Buchanan writes that when he began as the pastor of New Life Church, there were few elderly people, and he didn’t really see it as a problem. In time, however, his heart was changed by passages such as this one from the prophet Zechariah: “Old men and old women shall again sit in the streets of Jerusalem, each with staff in hand because of their great age. And the streets of the city shall be full of boys and girls playing” (8:4-5). The very old and the very young, safe together, is a glimpse of the heavenly city God is building. It is the way things are meant to be.

Buchanan puts it this way: “Young and old together is more than a symptom of spiritual health, but is at the core of spiritual health: young and old love each other. Young and old seek out each other. Young and old learn from each other. Young and old live in the shelter of each other.” Ainsley and Virginia formed this kind of shelter as their heads tilted together during that coffee hour after church. While relationships formed between peers at Sunday school, Vacation Bible School, and church camps can help build faith, so can relationships between people from different generations.

Reta and Peter
One such relationship was formed between my one-year-old son, Peter and his babysitter, Reta. Though elderly, she undertook the very physical task of caring for Peter, lifting him down from furniture and hoisting him away from electrical outlets. She preserved his life—or at least his limbs.

Peter was new to walking when he met Reta, and she is new to a wheelchair now. My family visited her at the hospital one day. She offered chocolates, which Anna and Peter—who receive grace promptly—cheerfully accepted. We talked about church events and Reta’s health while Peter investigated the wonderful workings of Reta’s hospital bed. When their Dad began to pray, Anna and Peter each held one of Reta’s hands.

The moment was a gift. Reta had been Peter’s caregiver, and he showed care for her by pausing long enough to pray. God’s coming kingdom could be seen and felt in Peter’s chocolate-smeared fingers joining Reta’s hand in prayer to God our Father, to Jesus His Son, and to the Holy Spirit.

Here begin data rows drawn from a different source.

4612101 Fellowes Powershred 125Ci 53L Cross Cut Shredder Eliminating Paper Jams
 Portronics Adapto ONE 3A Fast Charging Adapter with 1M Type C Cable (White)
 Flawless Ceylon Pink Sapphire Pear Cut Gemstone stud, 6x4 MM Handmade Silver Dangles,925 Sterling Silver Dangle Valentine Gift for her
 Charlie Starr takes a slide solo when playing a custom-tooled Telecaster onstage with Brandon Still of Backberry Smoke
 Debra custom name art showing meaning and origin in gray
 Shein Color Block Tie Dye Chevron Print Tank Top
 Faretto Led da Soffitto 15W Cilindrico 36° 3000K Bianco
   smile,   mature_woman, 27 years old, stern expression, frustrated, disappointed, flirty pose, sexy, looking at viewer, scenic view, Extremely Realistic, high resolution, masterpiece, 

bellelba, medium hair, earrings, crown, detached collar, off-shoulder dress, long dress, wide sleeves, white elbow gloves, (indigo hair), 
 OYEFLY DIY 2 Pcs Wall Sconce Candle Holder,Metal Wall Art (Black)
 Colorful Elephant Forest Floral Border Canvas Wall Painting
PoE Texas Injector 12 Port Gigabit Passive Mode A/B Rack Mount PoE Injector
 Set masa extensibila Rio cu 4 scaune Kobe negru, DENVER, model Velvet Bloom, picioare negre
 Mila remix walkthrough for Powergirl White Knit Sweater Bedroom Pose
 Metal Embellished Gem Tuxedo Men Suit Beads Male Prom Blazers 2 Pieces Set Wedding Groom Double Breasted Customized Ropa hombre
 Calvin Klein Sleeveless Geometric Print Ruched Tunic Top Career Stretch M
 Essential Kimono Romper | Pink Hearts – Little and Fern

Praying together, Reta and Peter were sheltered by each other and by their God.

Building the Kingdom
Amid the challenges churches face maintaining brick-and-mortar buildings, there are signs of a heavenly kingdom being built here on earth, here in Sarnia.

“Sarnia?” my brother said, upon first hearing about our family’s move to this city. “There’s not much happening in Sarnia.” But I know, because I have seen it, that God’s kingdom is being built, even here. Among other places, it is present in the nodding together of white hair and cherubic curls during coffee time, and in the entwining of age-softened fingers with small hands in a hospital room.

Namesake
Peter is named after his great-grandpa, Rev. Dr. Peter White, who passed away on March 12 of this year. My family received a small black binder of great-grandpa White’s sermons. One of them cites the 1952 census, which recorded many new babies being born in Canada. Reflecting on all these babies, great-grandpa White invited his listeners: “Open your doors, and bring the children in. Open your hearts, and give the aged your love. Then the young shall see visions of God’s love in their lives, and the old shall dream dreams.” Amen, and amen.

About Judith Farris

Judith Farris is a writer in Sarnia, Ont. She worships with her family at Paterson Memorial.